_WORK REQUIRED_: Set down the data again exactly. Pictures are not part of the copy.

DATA FOR PROCESSING START

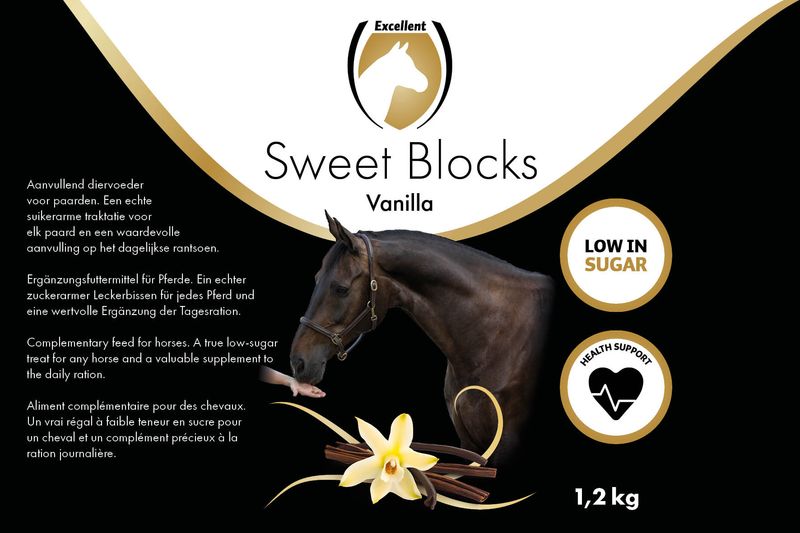 Excellent Horse Sweet Vanille Blöcke - 1.2 kg - Pferdeleckerli - Vanillegeschmack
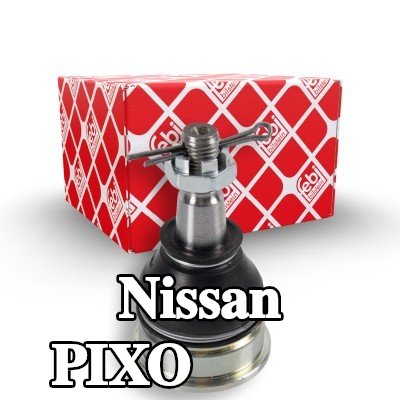FEBI BILSTEIN وصلة كروية 16mm, مع صمولة تاجية ودبوس مقسم — Nissan Pixo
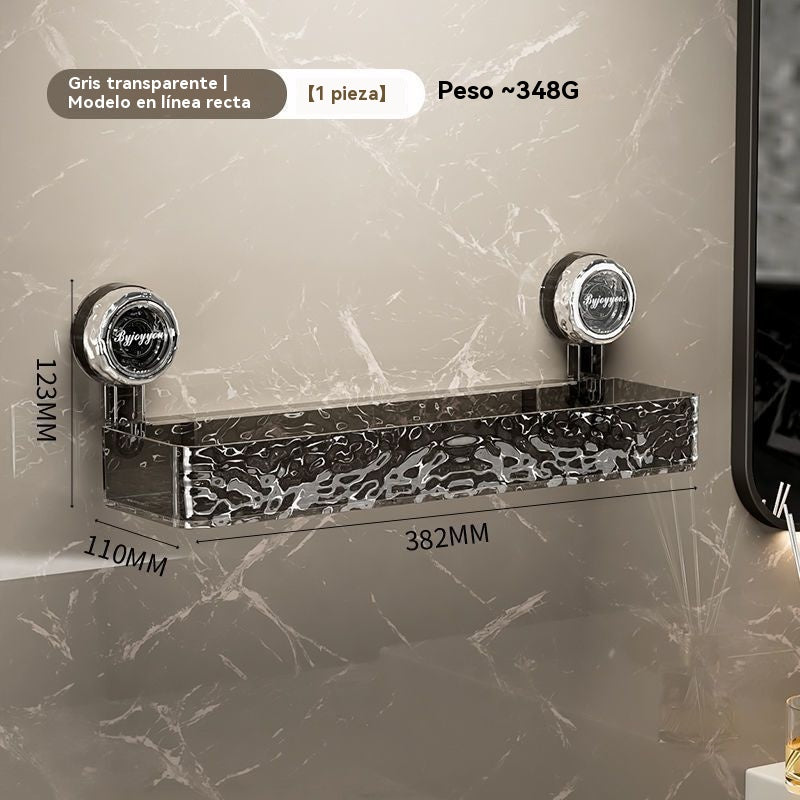 🧺Αγοράστε ένα και πάρτε ένα δωρεάν🔥 Βάση αποθήκευσης με βεντούζα χωρίς τρυπήματα, κομψή κυματιστή βάση αποστράγγισης, κατάλληλη για κουζίνα και μπάνιο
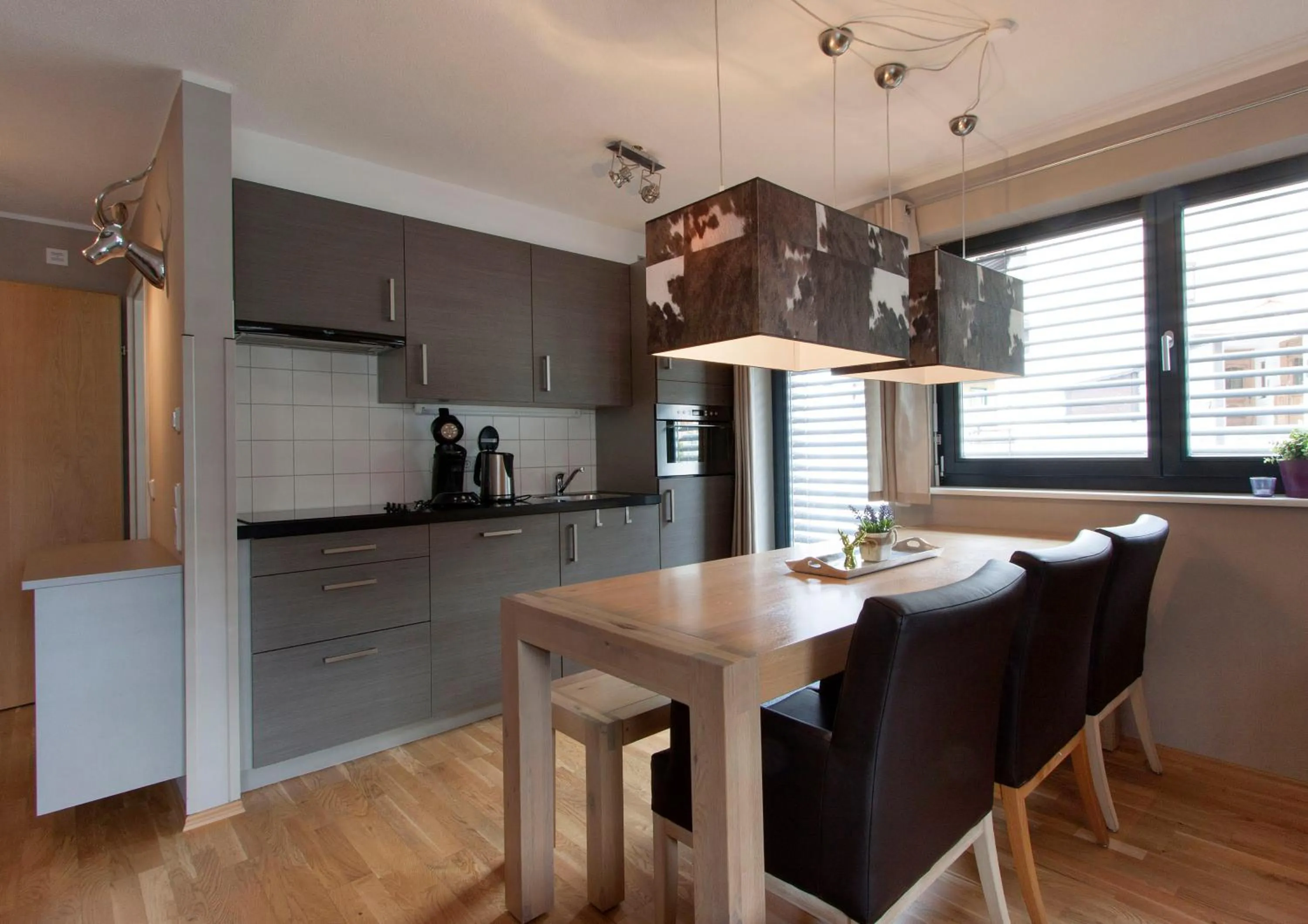 Dining area in Appart Laijola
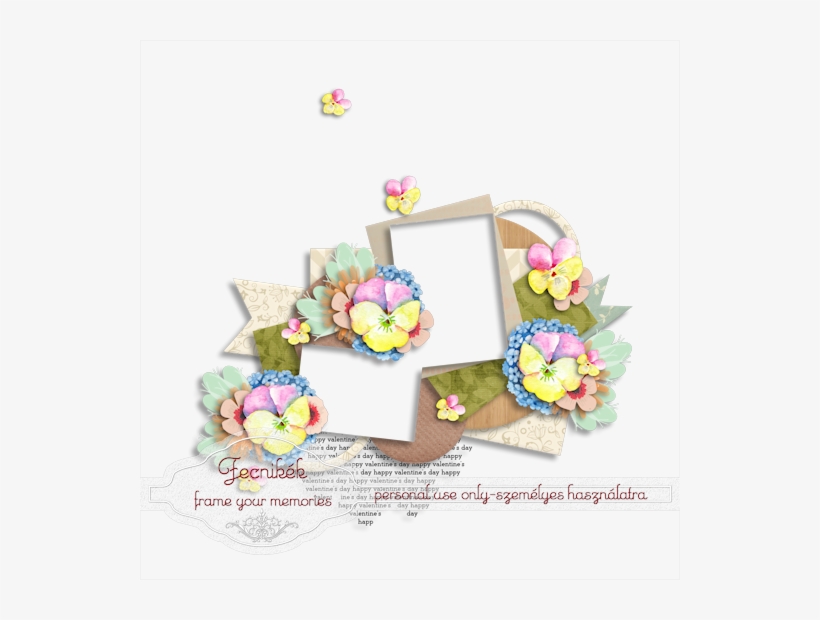 Pastel Flowers Cluster - Artificial Flower, transparent png download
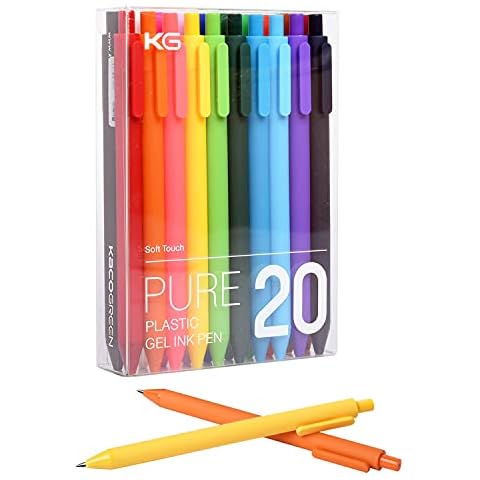 Retractable Gel Pens, 20 Assorted Colors Cover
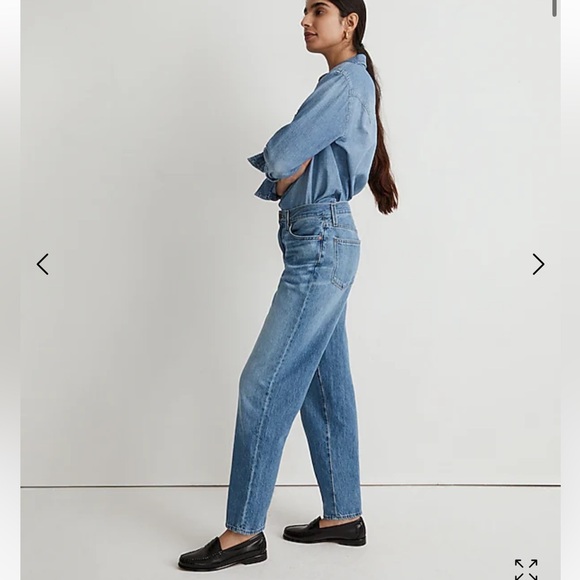 • Madewell • Women’s The Slouchy Boyjean in Rosewell Wash Blue 25 - Picture 2 of 5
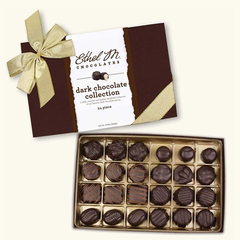 Ethel M Chocolates 黑巧克力礼品盒 24颗
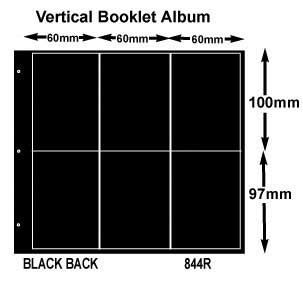 G&K 10 Booklet Pages Vertical Black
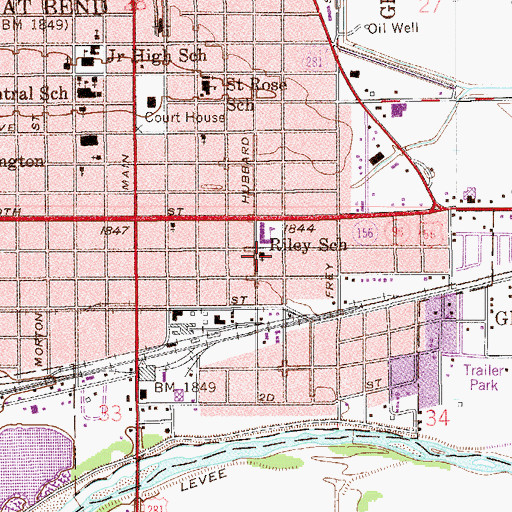 Topographic Map of Myers Chapel African Methodist Episcopal Church, KS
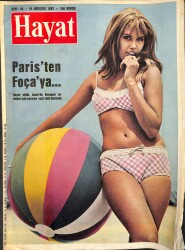 HAYAT DERGİSİ 10 Ağustos 1967 Sayı: 33 - Kapak: Sue Gaell - Paris'ten, Foça'ya ... - Amerika'da Kanlı Yaz - Makyajı Brigitte Bardot'dan Öğrenin NDR88517 - Gökçekoleksiyon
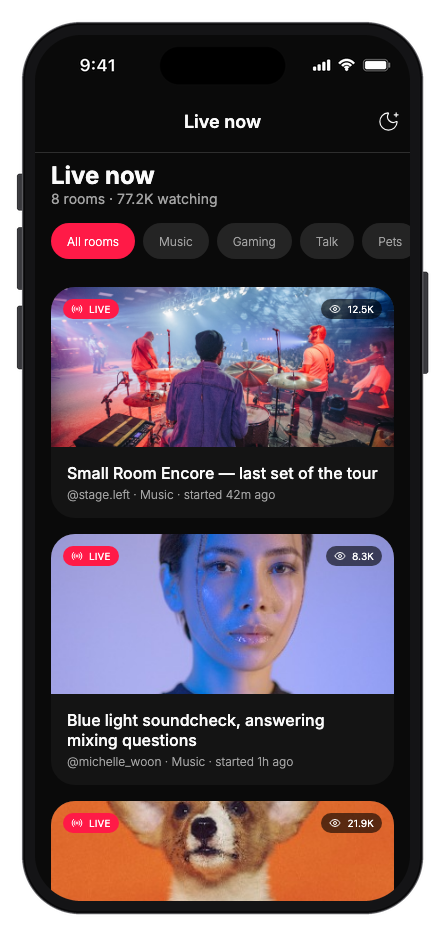 Vibely mobile app template screenshot 8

DATA FOR PROCESSING END

_EXERCISE RESULT_:
 Excellent Horse Sweet Vanille Blöcke - 1.2 kg - Pferdeleckerli - Vanillegeschmack
FEBI BILSTEIN وصلة كروية 16mm, مع صمولة تاجية ودبوس مقسم — Nissan Pixo
 🧺Αγοράστε ένα και πάρτε ένα δωρεάν🔥 Βάση αποθήκευσης με βεντούζα χωρίς τρυπήματα, κομψή κυματιστή βάση αποστράγγισης, κατάλληλη για κουζίνα και μπάνιο
 Dining area in Appart Laijola
 Pastel Flowers Cluster - Artificial Flower, transparent png download
 Retractable Gel Pens, 20 Assorted Colors Cover
 • Madewell • Women’s The Slouchy Boyjean in Rosewell Wash Blue 25 - Picture 2 of 5
 Ethel M Chocolates 黑巧克力礼品盒 24颗
 G&K 10 Booklet Pages Vertical Black
 Topographic Map of Myers Chapel African Methodist Episcopal Church, KS
 HAYAT DERGİSİ 10 Ağustos 1967 Sayı: 33 - Kapak: Sue Gaell - Paris'ten, Foça'ya ... - Amerika'da Kanlı Yaz - Makyajı Brigitte Bardot'dan Öğrenin NDR88517 - Gökçekoleksiyon
 Vibely mobile app template screenshot 8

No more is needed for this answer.